YOUR TASK: From the records below, output exactly the lines starting at the line with "Aparador para Sala" and ending at the line with "((Best quality)), ((masterpiece)), (detailed), ((perfect", both of them included, but no pictures.

ENTRIES SHOWN:
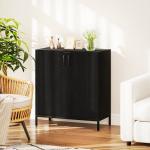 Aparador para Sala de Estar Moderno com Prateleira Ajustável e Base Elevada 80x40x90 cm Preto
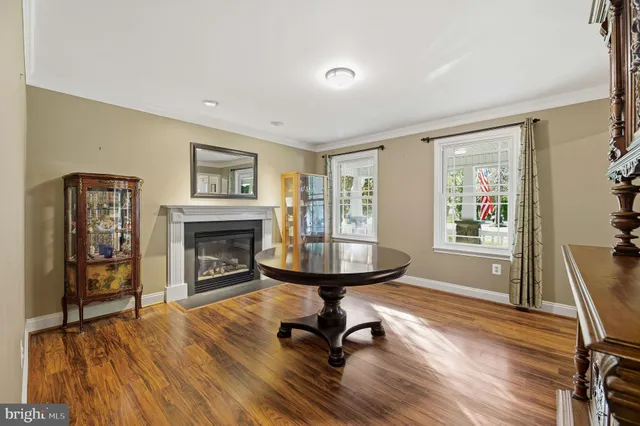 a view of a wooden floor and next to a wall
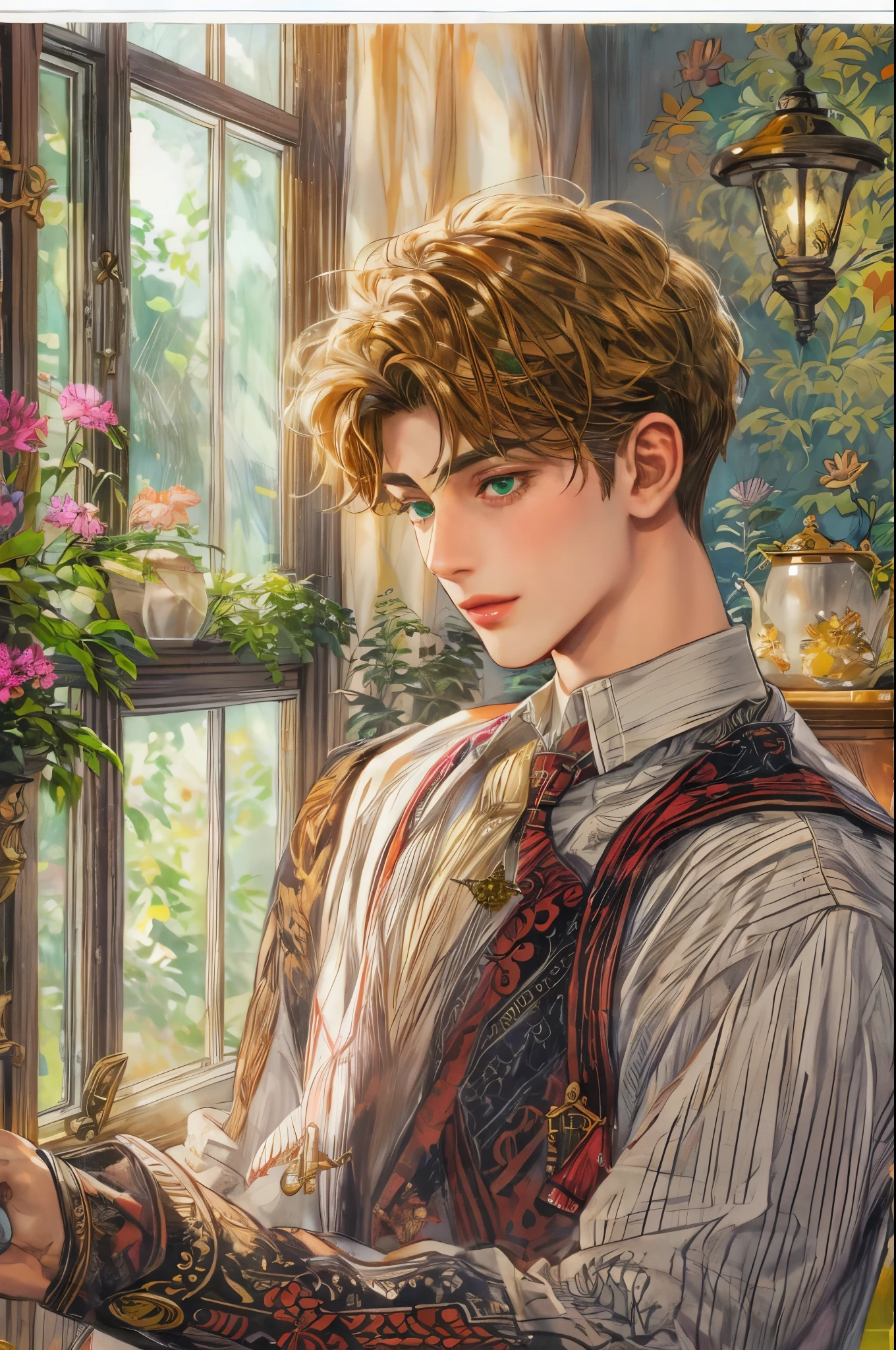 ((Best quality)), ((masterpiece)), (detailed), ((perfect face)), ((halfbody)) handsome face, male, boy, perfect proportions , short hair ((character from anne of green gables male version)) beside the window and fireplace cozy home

...

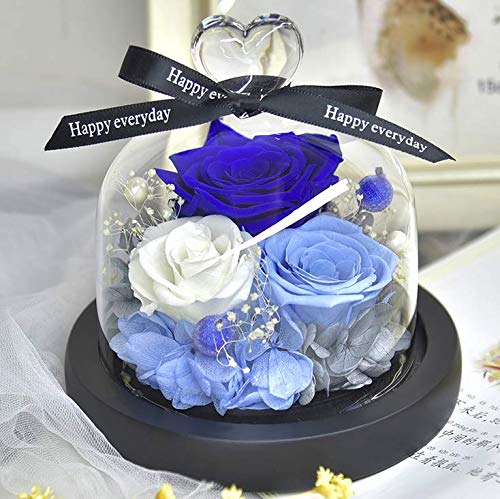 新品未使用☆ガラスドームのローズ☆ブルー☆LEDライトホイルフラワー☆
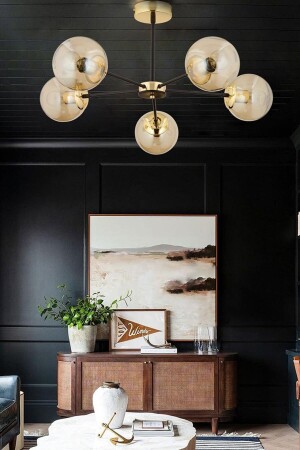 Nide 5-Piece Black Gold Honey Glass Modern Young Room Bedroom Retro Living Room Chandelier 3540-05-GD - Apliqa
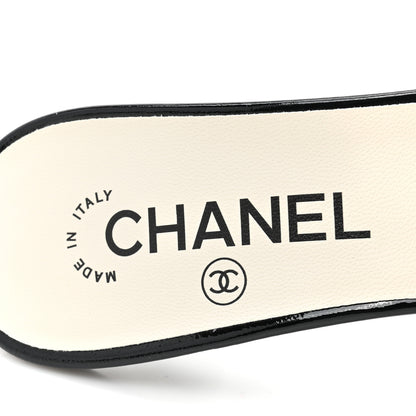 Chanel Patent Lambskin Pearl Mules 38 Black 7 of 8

==

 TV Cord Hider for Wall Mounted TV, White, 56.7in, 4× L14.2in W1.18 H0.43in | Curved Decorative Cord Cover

SOLUTION FOR THIS PROBLEM:
 Aparador para Sala de Estar Moderno com Prateleira Ajustável e Base Elevada 80x40x90 cm Preto
 a view of a wooden floor and next to a wall
 ((Best quality)), ((masterpiece)), (detailed), ((perfect face)), ((halfbody)) handsome face, male, boy, perfect proportions , short hair ((character from anne of green gables male version)) beside the window and fireplace cozy home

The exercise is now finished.